Copy all the lines of the listing below exactly. Skip the images.

*Information supplied*:
----
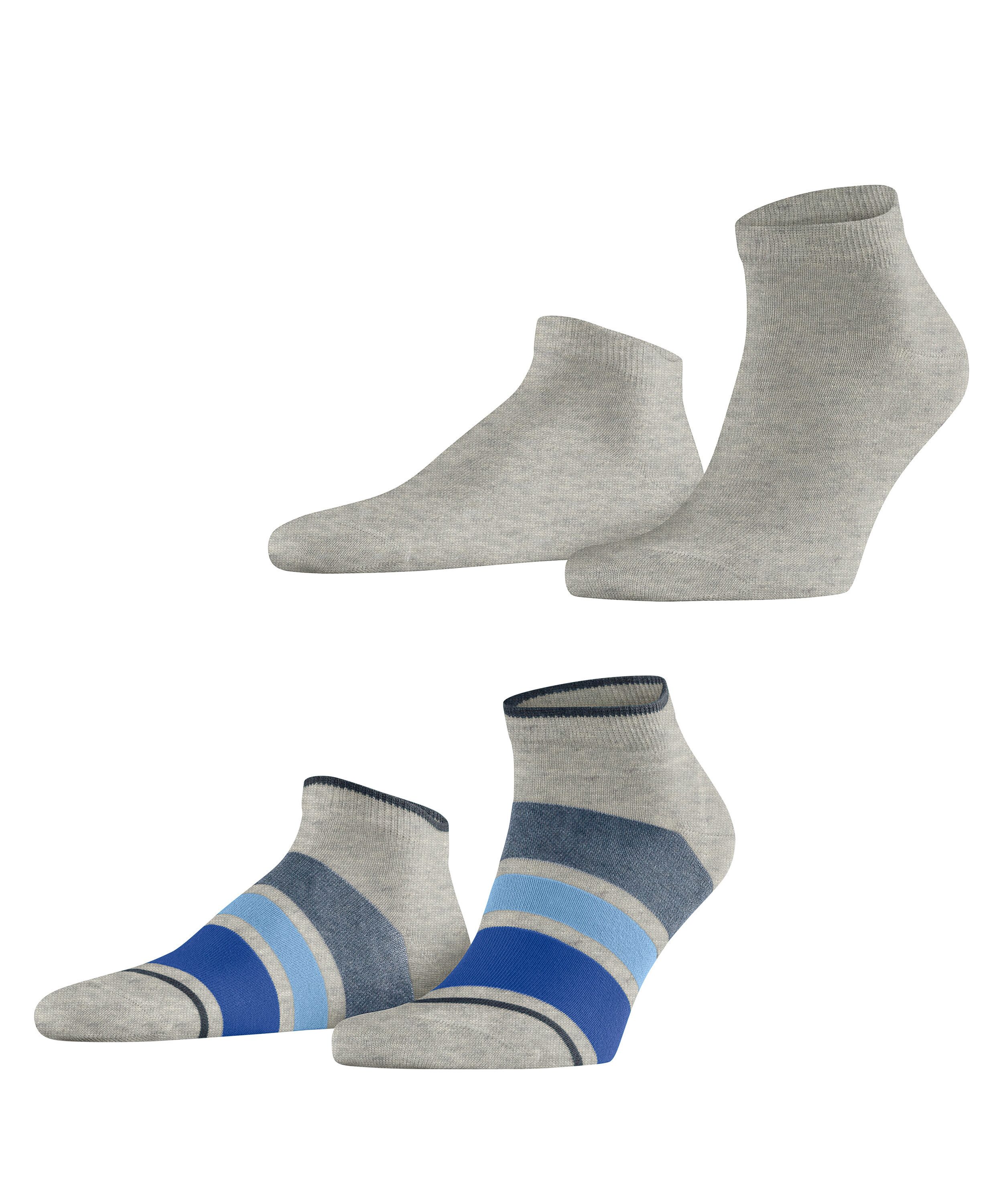 Sneakersocken Fresh Stripe 2-Pack Sneakersocken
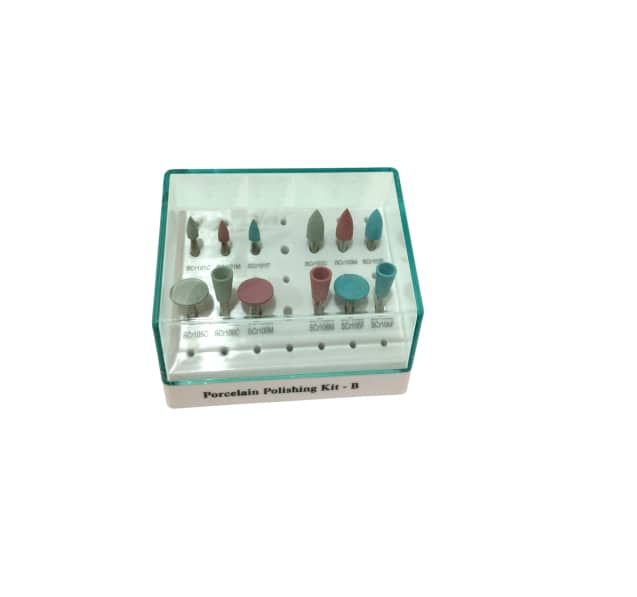 KIT DE POLISSAGE CUPULES DE FINITION RESINE (KIT 1) - DENCO
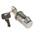 Euro-Locks a Lowe & Fletcher group Company Camlock, 20mm Panel-to-Tongue, 19.1 x 16.6mm Cutout, Key Unlock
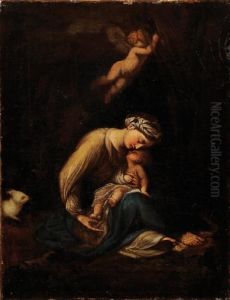 La Vierge A L'enfant La Vierge A L'enfant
----
*Task result*:
 Sneakersocken Fresh Stripe 2-Pack Sneakersocken
 KIT DE POLISSAGE CUPULES DE FINITION RESINE (KIT 1) - DENCO
 Euro-Locks a Lowe & Fletcher group Company Camlock, 20mm Panel-to-Tongue, 19.1 x 16.6mm Cutout, Key Unlock
 La Vierge A L'enfant La Vierge A L'enfant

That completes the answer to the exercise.